Without a doubt, the industry that suffered the most from the coronavirus pandemic was air transportation. The International Air Transport Association (IATA) predicts that they will fall by 55% in 2020, which will be a real disaster for this market segment. However, its participants are trying to maintain a modest optimism and even announce plans to add new equipment to their fleets.

For example, buyers for 59 Sukhoi Superjets have already been found. The head of the United Aircraft Corporation Yury Slyusar told about it during the meeting with the President of Russia Vladimir Putin at the beginning of August. He also spoke about successes in import substitution. In particular, the new MS-21 aircraft will be equipped with domestic PD-14 engines, which have proven to be excellent during the tests.

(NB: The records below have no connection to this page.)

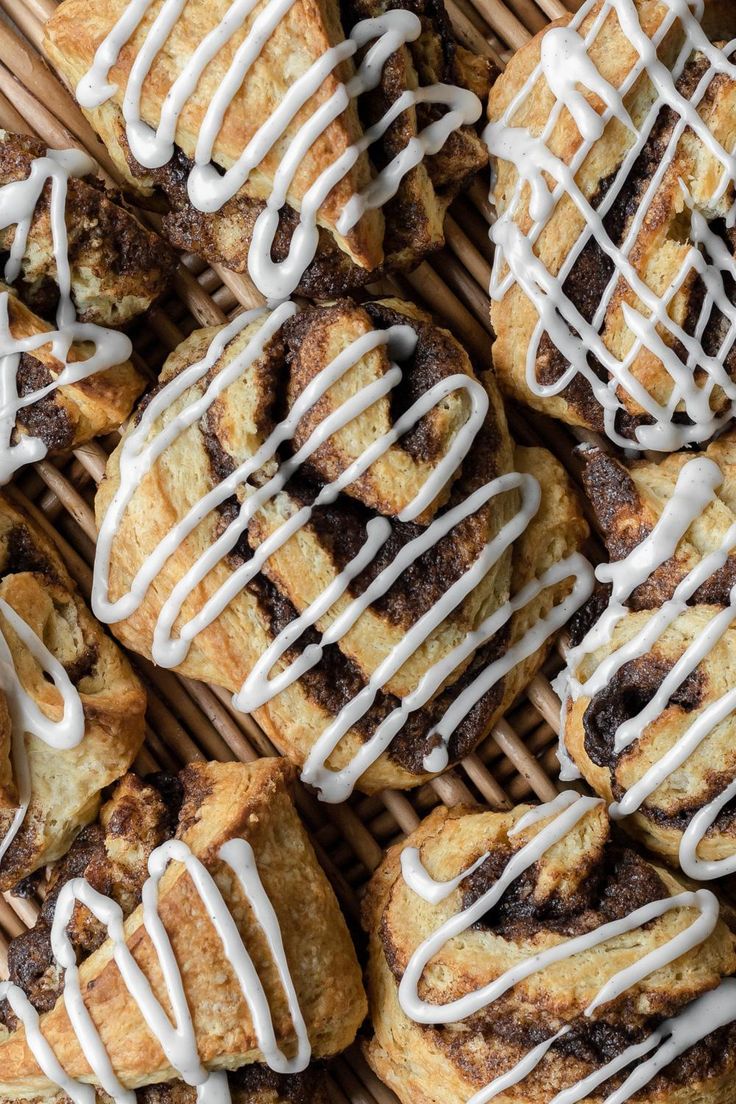 many pastries with white icing sitting in a wicker basket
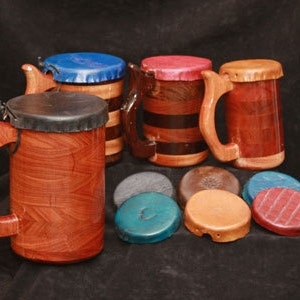 May include: Four wooden mugs with different colored lids and a variety of wooden coasters in blue, brown, and red.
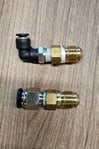 A 6 mm push-to-connect elbow fitting next to a straight fitting, both with 1/4 inch NPT threads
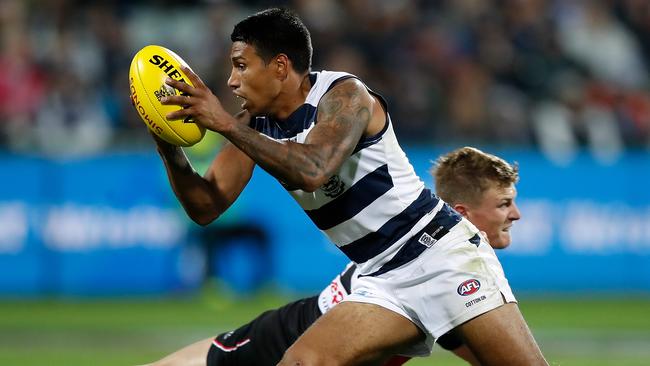 Tim Kelly evades St Kilda’s Jack Lonie last week. Picture: Getty Images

This is by no means the only Russian development that is fully ready to be put into production. However, we cannot yet speak of a significant reduction in the demand for foreign components in the civilian aircraft industry. If in 2015 their share was more than 80%, now it has dropped to 70% for the Superjet and 30-40% for the MS-21.

As before, there is a large import component in the products of those enterprises that produce parts and separate units for our airliners or materials for their production. Until recently, Russia did not even have competitive production of graphite anodes suitable for magnesium electrolysis (magnesium-based alloys are widely used in aircraft construction due to their low specific weight and high mechanical strength).

© Форпост Северо-Запад

"We know how to make graphite, and we do it quite well. But it is undesirable to use it in electrolysers because it is not resistant to oxidation in the air at the high temperature required for magnesium production (up to 700 °С). Because of this, the anodes are destroyed, and they have to be replaced, which is a rather time-consuming operation. In order to avoid downtime and reduce operating costs, they have long been impregnated with special antioxidant melts or solutions all over the world. This technology ensures reliable operation of anodes during the whole certified service life between overhauls of equipment when they are replaced in any case," says Roman Feshchenko, associate professor of the Metallurgy Department of the Saint Petersburg Mining University.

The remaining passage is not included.